Na raiz da questão desse caso específico, está um tipo de crime que estarreceu o país em 1958 e que até hoje se repete, para vergonha de toda a sociedade: o assassinato de mulheres cometido, geralmente, por ex ou atual companheiro. No Brasil, todos os dias, são registrados pelo menos três feminicídios, nomenclatura que não existia na época em que Aída Cury foi morta. Vítima de uma tentativa de estupro, a jovem de 18 anos foi jogada de um terraço em Copacabana, no Rio de Janeiro, numa trama para tentar levar as pessoas a acreditarem que a jovem de 18 anos teria cometido suicídio.
O caso foi parar no Supremo porque familiares de Aída Curi entraram na Justiça, pleiteando o direito ao esquecimento e indenização, em decorrência de reportagem em que a TV Globo reconstituiu o crime. A família tinha pedido para que o trabalho não fosse ao ar. A emissora o considerou de interesse público e o exibiu. O processo foi parar no STF depois de passar por diversas instâncias do Judiciário. Na mais alta corte de Justiça do país, a maioria dos ministros entendeu que o direito de não ser lembrado configura censura prévia, implica cerceamento à liberdade de expressão e pode até interferir na história do país.
“É incompatível com a Constituição a ideia de um direito ao esquecimento, assim entendido como o poder de obstar, em razão da passagem do tempo, a divulgação de fatos ou dados verídicos e licitamente obtidos e publicados em meios de comunicação social, analógicos ou digitais”, destaca a tese aprovada pelo plenário do Supremo. Apesar da repercussão geral, advogados criminalistas e juristas dizem que o direito ao esquecimento não está pacificado. Ainda vem muita discussão pela frente.

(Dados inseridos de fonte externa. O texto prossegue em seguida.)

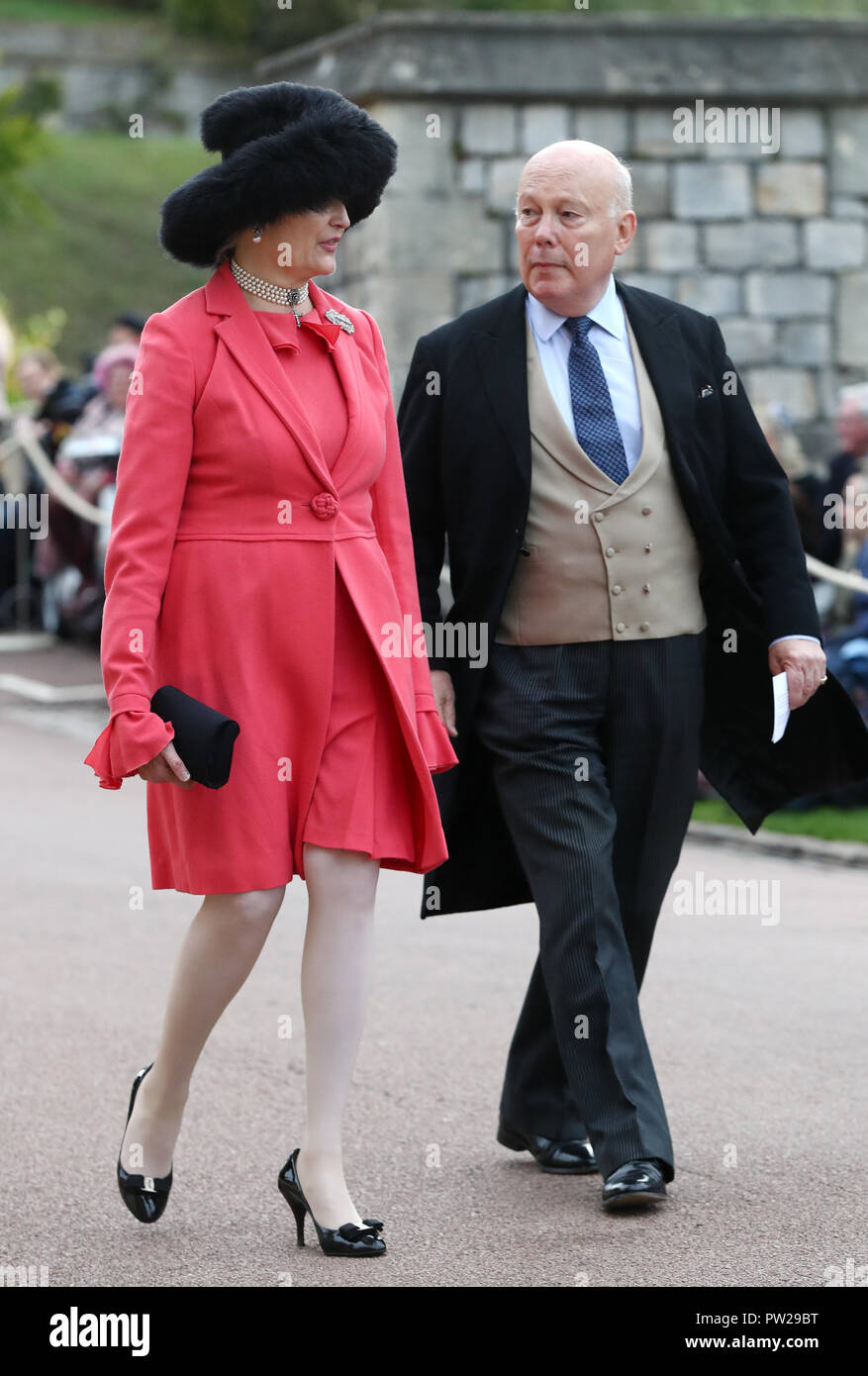 Emma Joy Kitchener and Julian Fellowes arrive at the grounds of Windsor  Castle during the wedding of Princess Eugenie to Jack Brooksbank at St  George's Chapel in Windsor Castle Stock Photo -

De fato, o próprio texto da decisão do STF faz essa ressalva. “Eventuais excessos ou abusos no exercício da liberdade de expressão e de informação devem ser analisados caso a caso, a partir de parâmetros constitucionais – especialmente relativos à proteção da honra, da imagem, da privacidade e da personalidade em geral – e as expressas e específicas previsões legais nos âmbitos penal e cível”, entenderam os ministros. O mais importante, até aqui, é que o direito de informar, com responsabilidade e precisão, está preservado no Brasil. Sem restrições.